Artists such as Afton Wolfe make my life richer and more difficult in equal measure.
Richer because he is a superb multi-genre artist making a great album of songs.
Difficult because he cannot be pinned down to an easy pigeonhole or even just thrown at the ‘Americana’ catch-all.
On balance, I’ll take ‘richer’ because this album gave me the shivers from beginning to end.

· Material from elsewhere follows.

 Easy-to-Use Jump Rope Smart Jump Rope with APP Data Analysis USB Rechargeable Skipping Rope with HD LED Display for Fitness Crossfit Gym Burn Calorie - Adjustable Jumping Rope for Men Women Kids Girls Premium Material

Collaborating with producer Doc Sarlo (Feisty Records, Altered Statesman, Adam Trumbo, Jim Skinner Blues Trio) on a seven-track record of songs all written by veteran Nashville songwriter (and Wolfe’s father-in-law) L.H. Halliburton.
‘The Harvest’ enforces and expands Wolfe’s genre fluidity, but it mostly showcases great songs artistically produced and arranged and powerfully performed. You can find Country, Blues, Gospel and New Orleans Boogie in here, even old fashioned rock & roll, but it is all bent to his dark and angry voice (although there is also a great sense of caring there too).

There isn’t a single track that is filler, or ‘lesser’, just seven tracks that stand alone and demand to be played constantly.
Opener ‘Harvest’ feels as though it should have early Dylan’s nasal vocal or Neil Young’s whine against it – some delightful flute playing by Seth Fox – but Wolfe’s vocal shows his softer side.
‘New Orleans Going Down’ has a wonderful 2nd Line groove to it set against Wolfe at his angriest as he describes the state of the Crescent City during Katrina.
‘Lost Prayers’ is country at its best, with fiddle – Anna Eyink – and sweet backing vocals

leading into the magnificent ‘Hello, Mr Wolf’ with Wolfe’s vocal almost spoken and grizzled.

‘Mississippi’ has a lazy rock & roll beat to it and then there is ‘Here To Stay’ – very Tom Waits with reverb vocal, standup piano and the hiss of old valves and utterly fabulous.

Mid-November and a new entrant into my personal top 10 of the year. A real gem.